В тот вечер, ожидая у себя дома юную актрисульку – травести, второкурсницу Щуки, утвержденную им на главную женскую роль, Корчмарь коротал время со стаканом джина-тоника на диване перед громадным плоским экраном. Щелкал пультом, перепрыгивал с программы на программу и вдруг задержался, завис…

Спустя пять минут он уже набирал номер своей ассистентши по актерам на новом фильме. Корчмарь был, надо отметить, маленьким, толстым волосатым человечком, диктатором и страшным матерщинником.

– Ты что, спишь?! – прокричал он в трубку, когда установилось соединение.

– Нет, а что? – испугалась ассистентка.

– Пока ты там спишь, хребет твою пополам, я нашел человека на главную роль!

– Да? Кого?

– А ну включай телик!

– Включила. Какую программу?

– Первую, пилят худой, первую!

– Там идет «Миллионер».

– Вот именно!

– Вы, что, хотите Малькова взять? – испугалась ассистентша.

– Какого Малькова?! Какого, блин перегорелый, Малькова! Лучше смотри!

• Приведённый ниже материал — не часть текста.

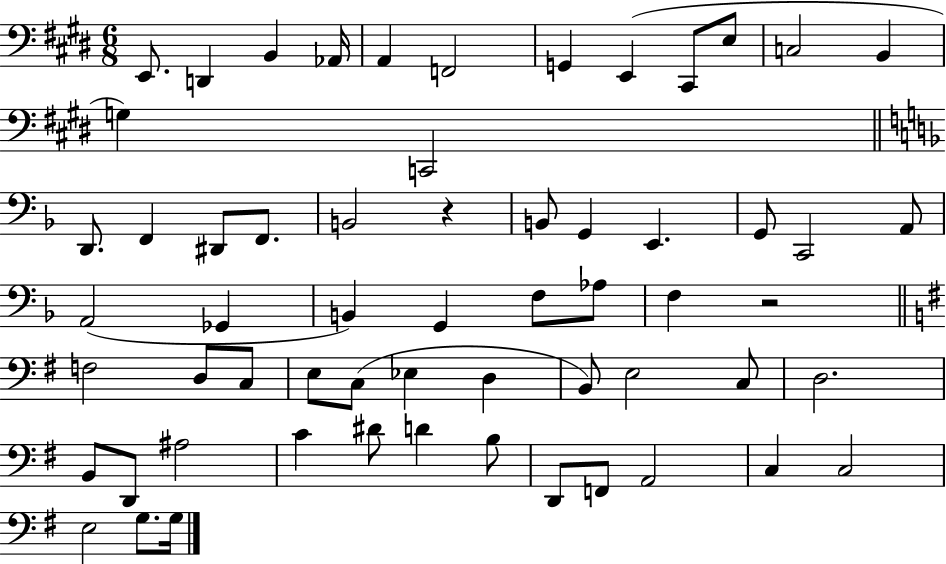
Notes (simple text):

E2/e. D2/q B2/q Ab2/s A2/q F2/h G2/q E2/q C#2/e E3/e C3/h B2/q G3/q C2/h D2/e. F2/q D#2/e F2/e. B2/h R/q B2/e G2/q E2/q. G2/e C2/h A2/e A2/h Gb2/q B2/q G2/q F3/e Ab3/e F3/q R/h F3/h D3/e C3/e E3/e C3/e Eb3/q D3/q B2/e E3/h C3/e D3/h. B2/e D2/e A#3/h C4/q D#4/e D4/q B3/e D2/e F2/e A2/h C3/q C3/h E3/h G3/e. G3/s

Ассистентша по-прежнему его не понимала. В трубке повисла опасливая пауза. Главному режиссеру перечить – себе дороже, это члены его съемочной группы усваивали с первого дня подготовительного периода и навсегда. Но все знали: Корчмарь хоть и ругался, и через каждые пятнадцать минут грозился уволить, но был, в сущности, безобидным человеком. Если, конечно, киногруппа выполняла каждую его прихоть, даже самую безумную.

– Ну?! – прорычал он в трубку. – Поняла?!

– Н-нет…

– Мужика этого, который напротив Малькова сидит, видишь? Того, что на вопросики отвечает?!.

– Н-ну…

– Вот чтоб завтра этот хрен с горы был у меня на «Мосфильме» на пробах! Поняла, ослица?!

– Но это же непрофессионал… – пискнула ассистентша.

Девушка работала с Корчмарем впервые, только начался подготовительный период, и поэтому она осмеливалась робко возражать диктатору.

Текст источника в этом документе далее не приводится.